FOCUS – Le Musée des troupes de montagne au fort de la Bastille consacre une exposition à « Albert Roche, un héros oublié » jusqu’au 30 avril 2019. L’exposition retrace les exploits de ce poilu de la première guerre mondiale, tombé dans l’oubli bien que désigné « premier soldat de France » par le généralissime Foch.
Une année après le centenaire de la première guerre mondiale, le Musée des troupes de montagne de Grenoble honore un poilu, à travers une exposition qui dure jusqu’au 30 avril 2019 : « Albert Roche : un héros oublié ».
« Mais qui est exactement Albert Roche pour que nous lui consacrions une exposition ? », a fait mine d’interroger le général Pierre-Joseph Givre, commandant de la 27e brigade d’infanterie de montagne, lors de l’inauguration, le 22 février dernier. « C’est un chasseur du 27e Bataillon de chasseurs alpins, issu de nos rangs. Nous avons à faire à un véritable héros, un homme exemplaire dont les hauts-faits méritent d’être portés à la connaissance du plus grand nombre. »

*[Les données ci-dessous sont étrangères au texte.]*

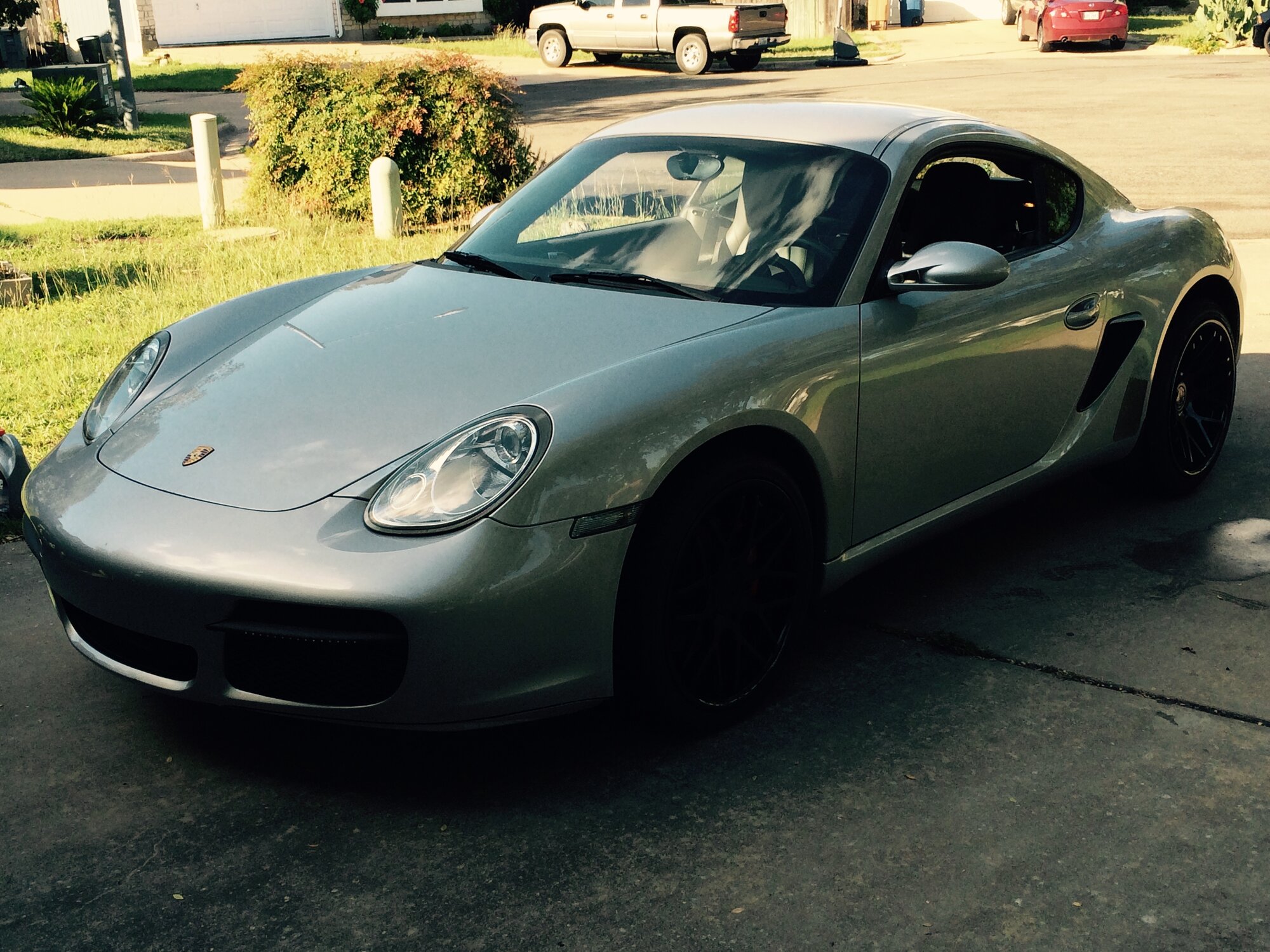 Porsche Cayman S — after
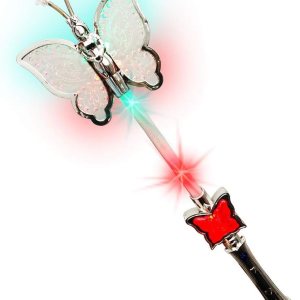 ArtCreativity Bastón de mariposa giratorio multicolor con mango LED, varita de mariposa iluminada de 16 pulgadas para niños, divertido accesorio de ArtCreativity Bastón de mariposa giratorio multicolor con mango LED, varita de mariposa iluminada de 16 pulgadas para niños, divertido accesorio de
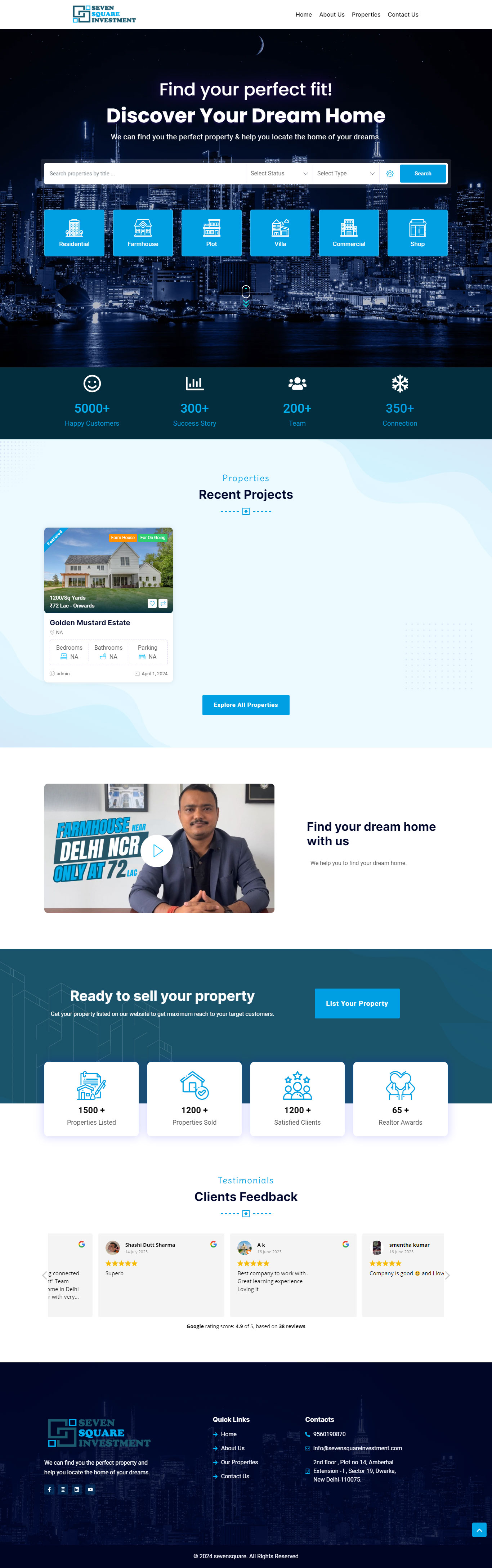 sevensquare-website-development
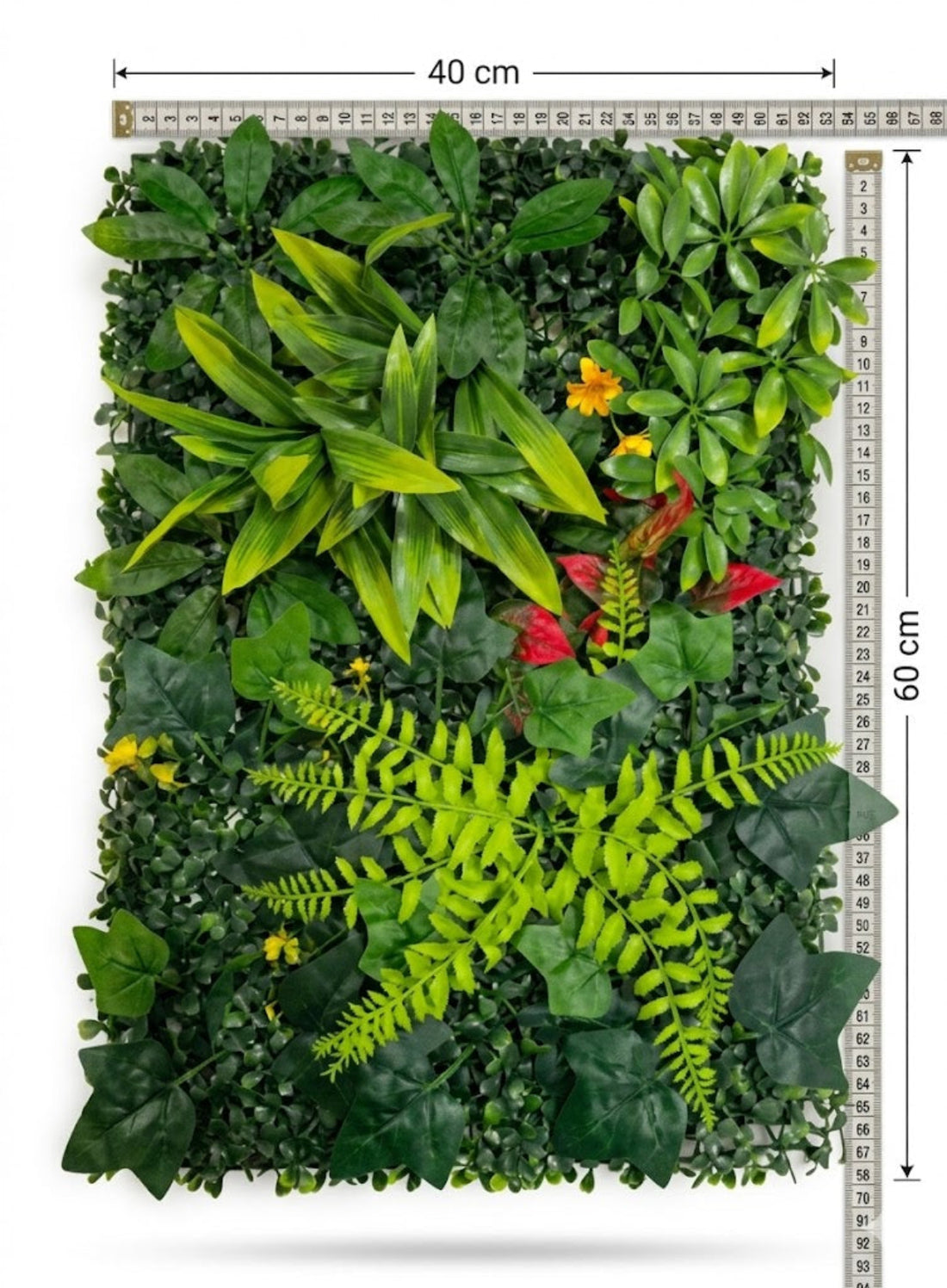 Panou Verde Decorativ din Plante Mixte Artificiale 60x40 cm Perete Verde Interior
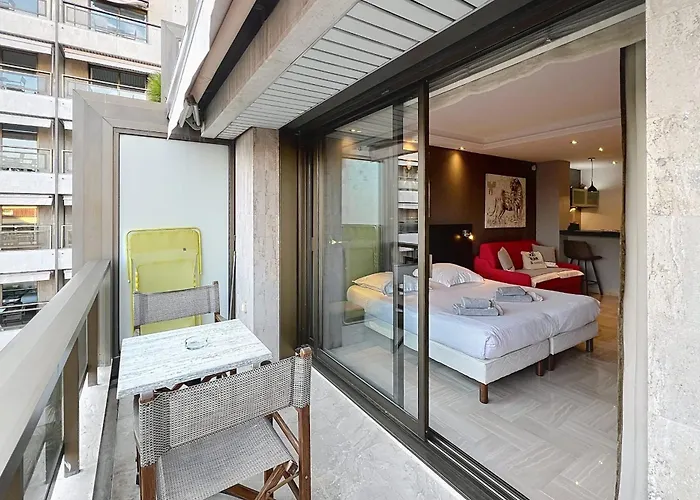 Cannes Gray D\'Albion Studio Quiet Terrace City Center Near Beach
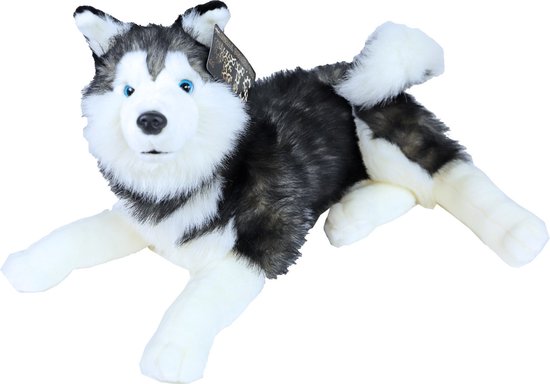 Boony Natural Decoration pluche husky 53 cm liggendGebr. de Boon van Boony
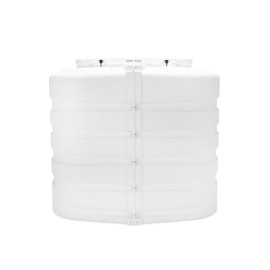 Camco Camper/RV Dual Propane Tank Cover | Features Hinged Top Panel & Custom Molded Design | Fits (2) 30lb Steel Tanks | Protects Propane Tanks during Travel, Camping and More | White (50515)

Humble, toujours volontaire, courageux
« Son histoire est porteuse de sens et d’espoir pour chacun », a souligné le général. Car « rien au départ ne prédestin[ait] Albert Roche à devenir un héros. » Ses premières expériences dans l’armée en 1914 sont décevantes. Initialement rejeté par le conseil de révision, jugé « trop chétif », il tente sa chance au 30e Bataillon de chasseurs et échoue.
C’est finalement au 27e Bataillon de chasseurs alpins (BCA) qu’il réussit à faire ses preuves. « Il y sauve son capitaine blessé en le ramenant dans les lignes amies. Il se retrouve six heures sous le feu ennemi à tirer son capitaine. Il s’endort, épuisé, dans un trou de guetteurs, où il est réveillé par une patrouille qui le prend pour un déserteur. Alors qu’il doit être fusillé sous vingt-quatre heures, son capitaine sort miraculeusement du coma et vient le disculper », relate Pierre-Joseph Givre. Un exploit parmi bien d’autres.
Blessé neuf fois, Albert Roche a fait, à lui seul, 1 180 prisonniers allemands pendant la première guerre mondiale. Il est le soldat le plus décoré de France, officier de la Légion d’honneur. « Humble, toujours volontaire, courageux », ainsi le décrit le général Givre.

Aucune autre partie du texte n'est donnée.